Your assignment: For this exercise, the lines from the one with "2002 Toyota Camry" through the final line of the data below are to be transcribed exactly, and pictures are to be skipped.

━━━━━━━━━━━━━━━━

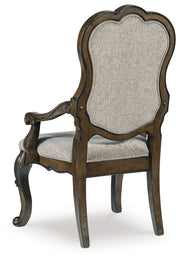 Maylee Dining Table and 6 Chairs with Storage in Dark Brown from Ashley - DMV Furniture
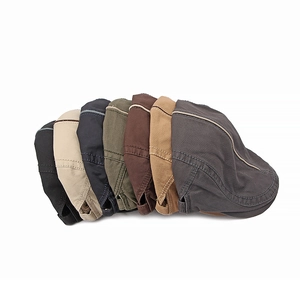 Classic cotton flat caps in seven assorted colors shown in a fan layout against white background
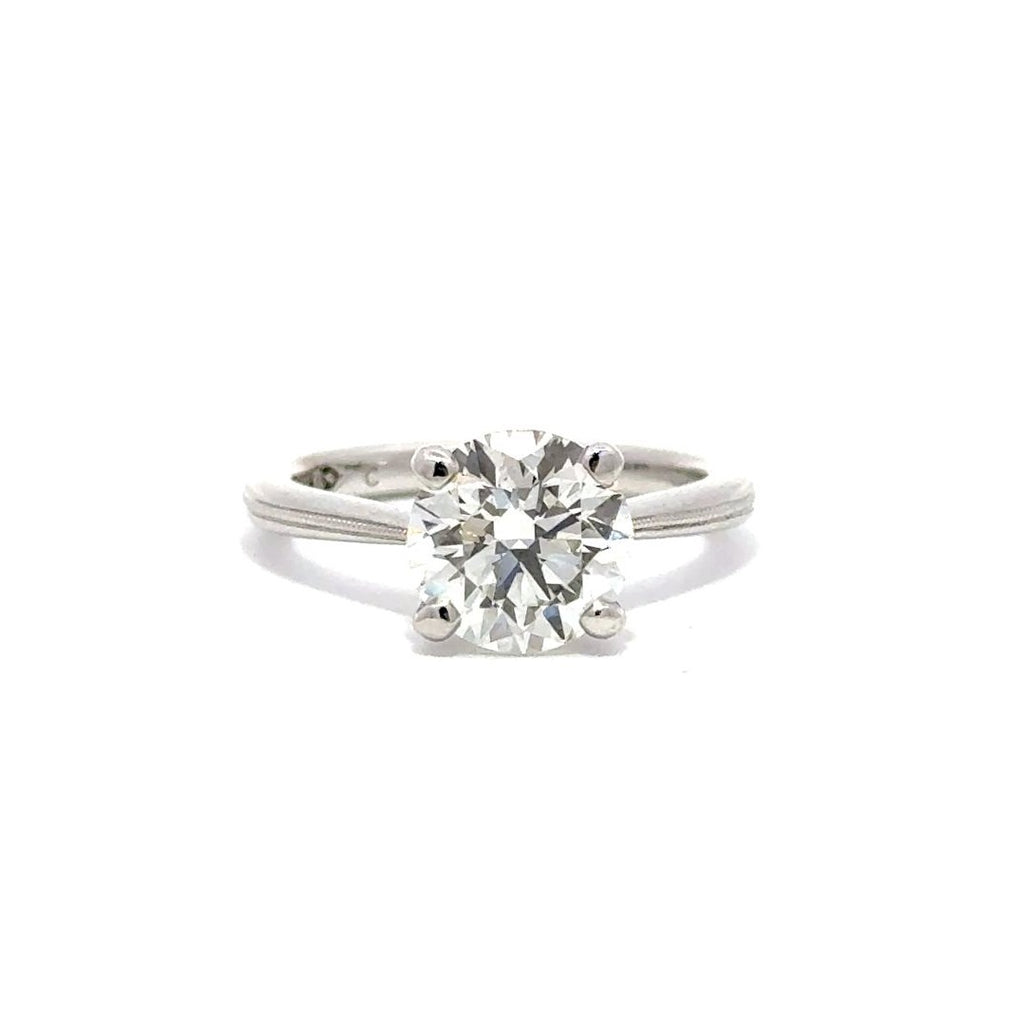 Front view of silver engagement ring with a round-cut center diamond.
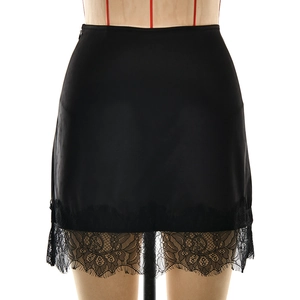 Elegant black satin mini skirt with intricate floral lace trim and slimming high waist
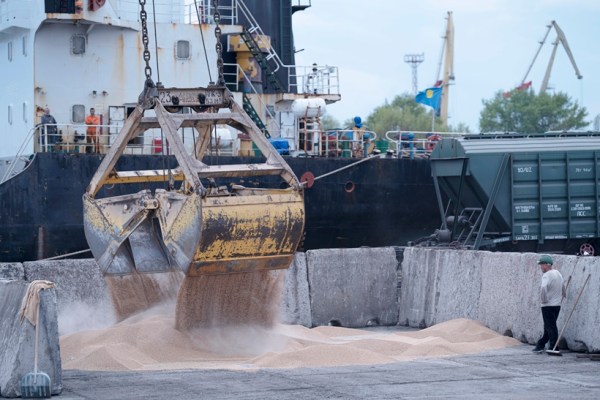 Workers load grain at a grain port in Izmail, Ukraine, on April 26, 2023. NATO said Wednesday July 26, 2023, it was stepping up surveillance of the Black Sea region as it condemned Russia’s exit from a landmark deal that allowed Ukrainian grain exports through the Black Sea. (AP Photo/Andrew Kravchenko, File)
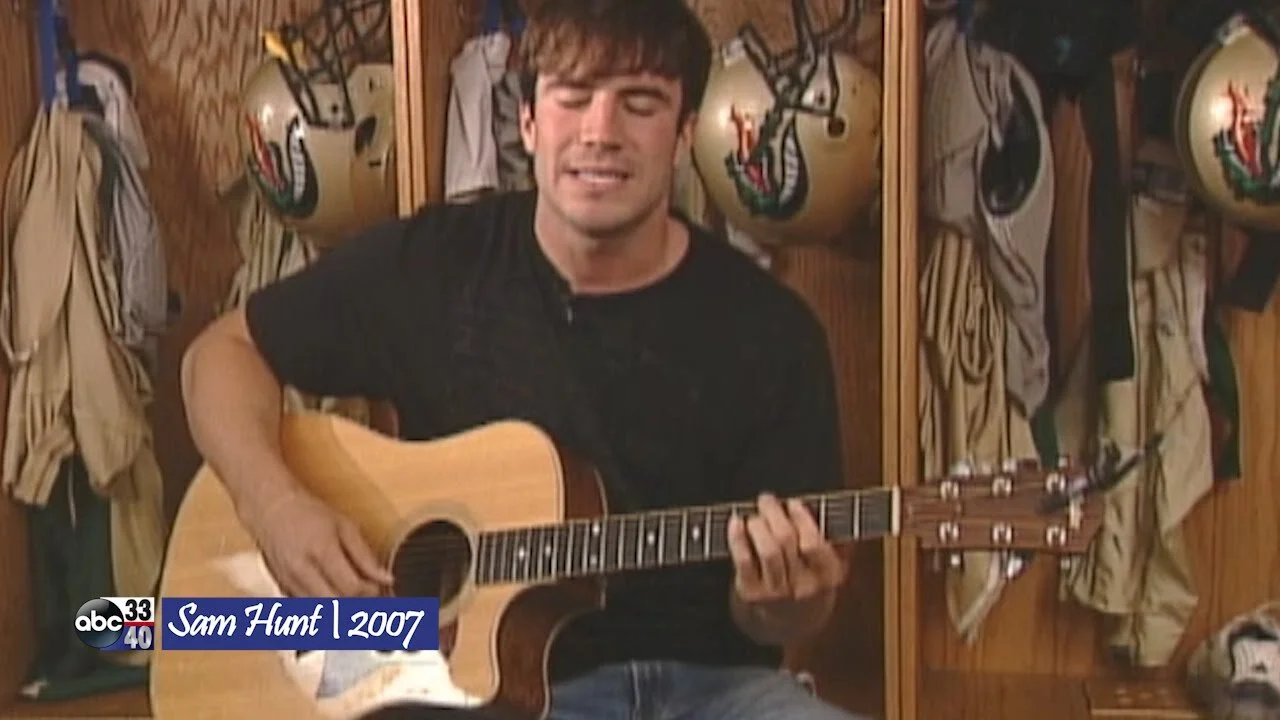 sam hunt guitar in locker room.jpg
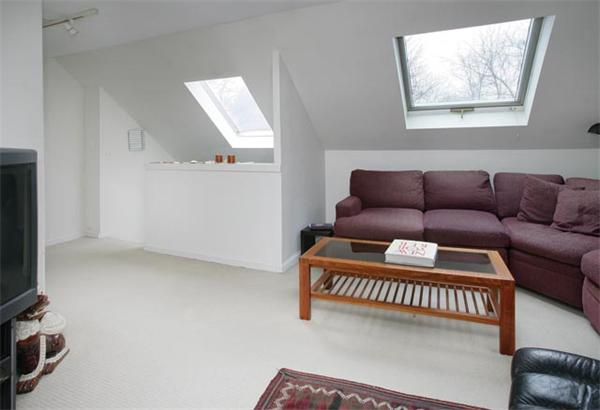 55 Truman Road Newton, MA 02459 - Photo 7 of 8 a living room with furniture a flat screen tv and a couch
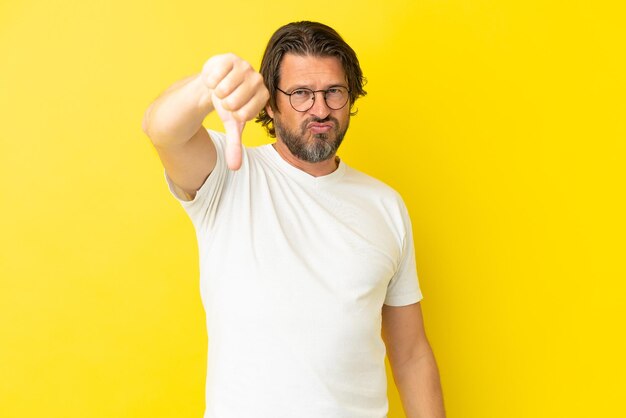 Senior dutch man isolated on yellow background showing thumb down with negative expression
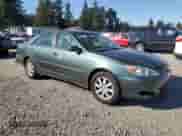 2002 Toyota Camry XLE with VIN JTDBF30K320043468, listed as a Copart auction lot 82289975 with 235,912 mi miles and Salvage title. Bid and sale history available at DreamBid. Image 4.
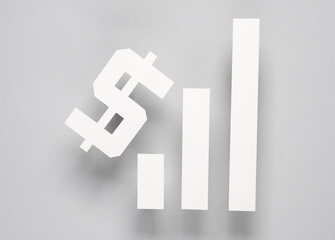 Paper-cut columns of a chart tending upwards and dollar symbol on a gray background. Analytics, business concept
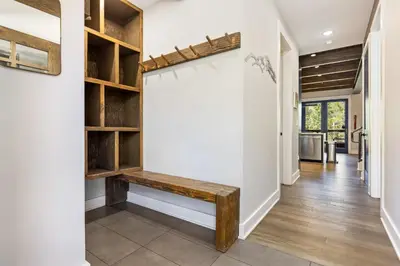 a hallway with a bench in a house at 1824 The Seasons townhouse in Keystone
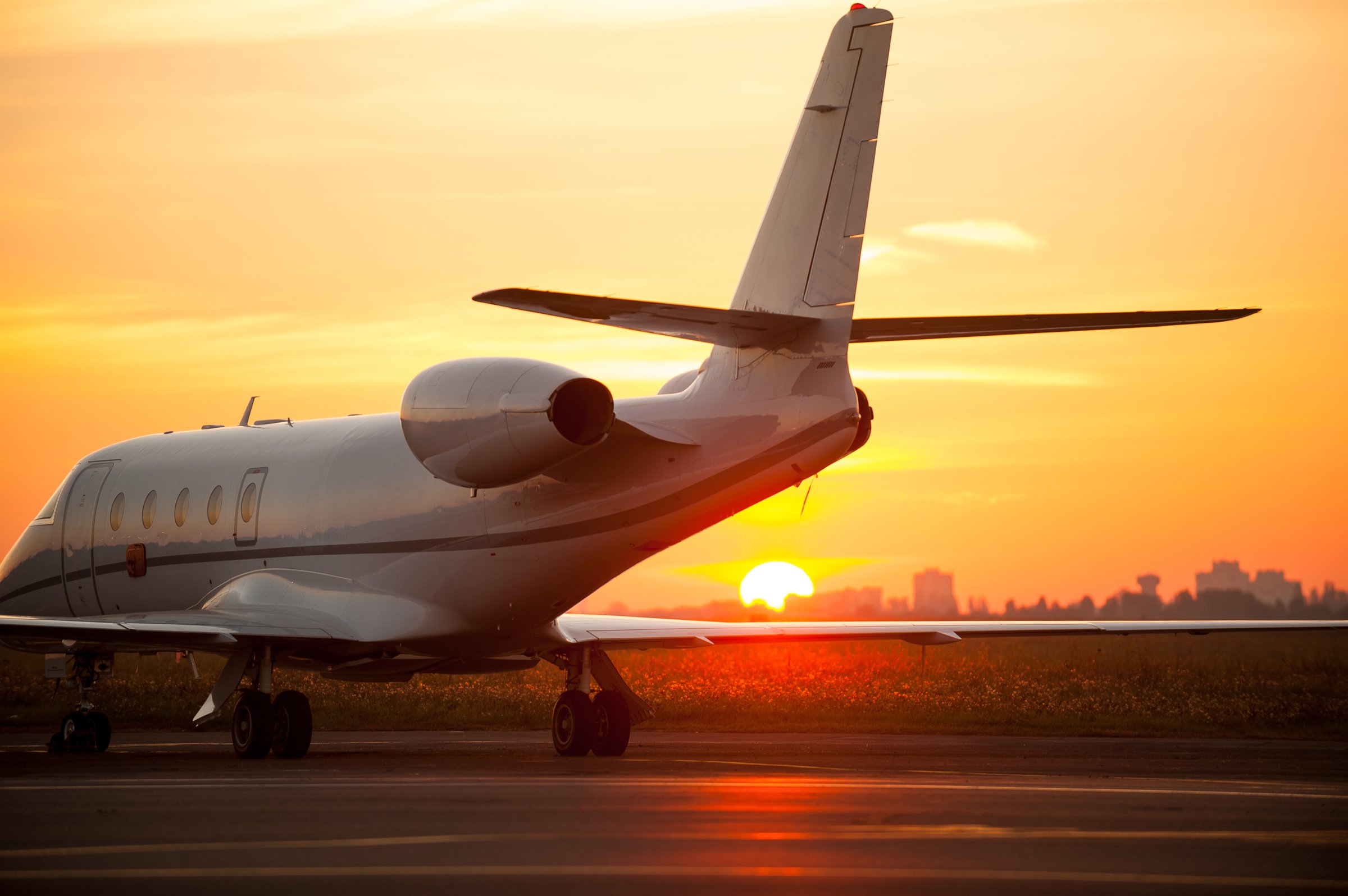Airplane landing in airport with sunset in the background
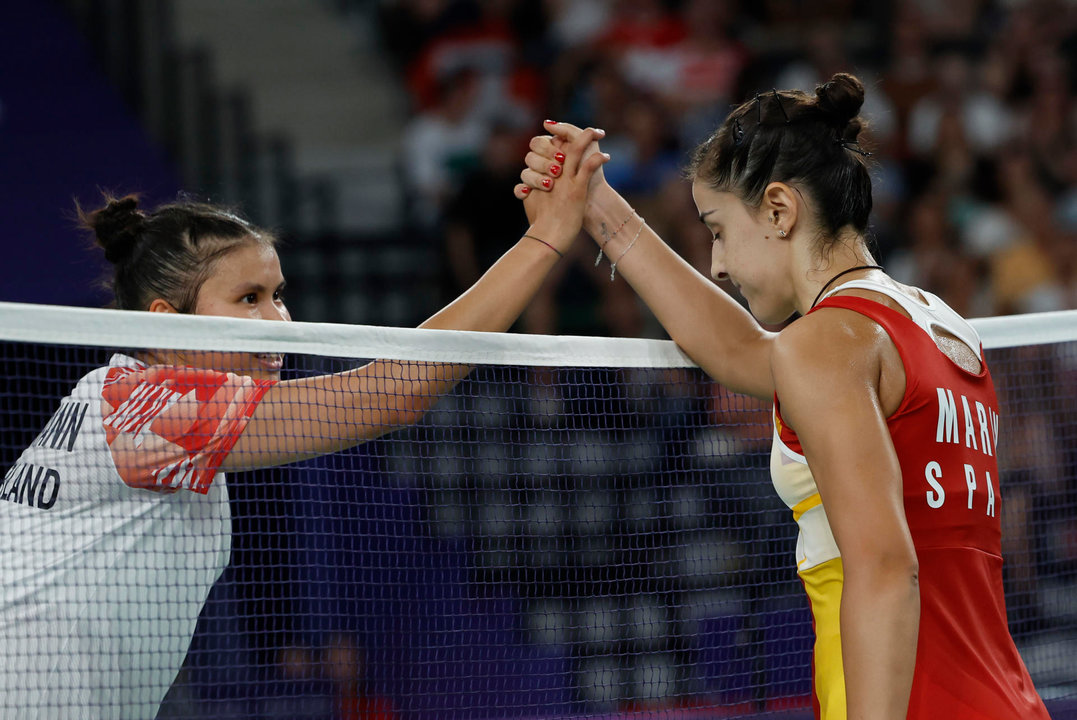 La jugadora de bádminton española Carolina Marín estrecha la mano a la suiza Jenjira Stadelmann (i) tras ganar su partido de la fase de grupos de la competición de bádminton femenino individual de los Juegos Olímpicos de París 2024 este domingo en el pabellón Arena Porte de Chapelle en París, Francia. Marín ha ganado por 21-11 y 21-19. EFE/ Julio Muñoz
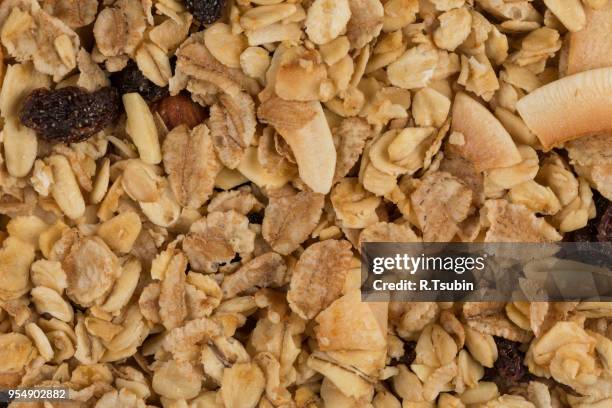 closeup of a pile of muesli cereal breakfast oatmeal - raisin bran stock pictures, royalty-free photos & images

━━━━━━━━━━━━━━━━

Task result:
 2002 Toyota Camry XLE with VIN JTDBF30K320043468, listed as a Copart auction lot 82289975 with 235,912 mi miles and Salvage title. Bid and sale history available at DreamBid. Image 4.
 Paper-cut columns of a chart tending upwards and dollar symbol on a gray background. Analytics, business concept
 a hallway with a bench in a house at 1824 The Seasons townhouse in Keystone
Airplane landing in airport with sunset in the background
 La jugadora de bádminton española Carolina Marín estrecha la mano a la suiza Jenjira Stadelmann (i) tras ganar su partido de la fase de grupos de la competición de bádminton femenino individual de los Juegos Olímpicos de París 2024 este domingo en el pabellón Arena Porte de Chapelle en París, Francia. Marín ha ganado por 21-11 y 21-19. EFE/ Julio Muñoz
 closeup of a pile of muesli cereal breakfast oatmeal - raisin bran stock pictures, royalty-free photos & images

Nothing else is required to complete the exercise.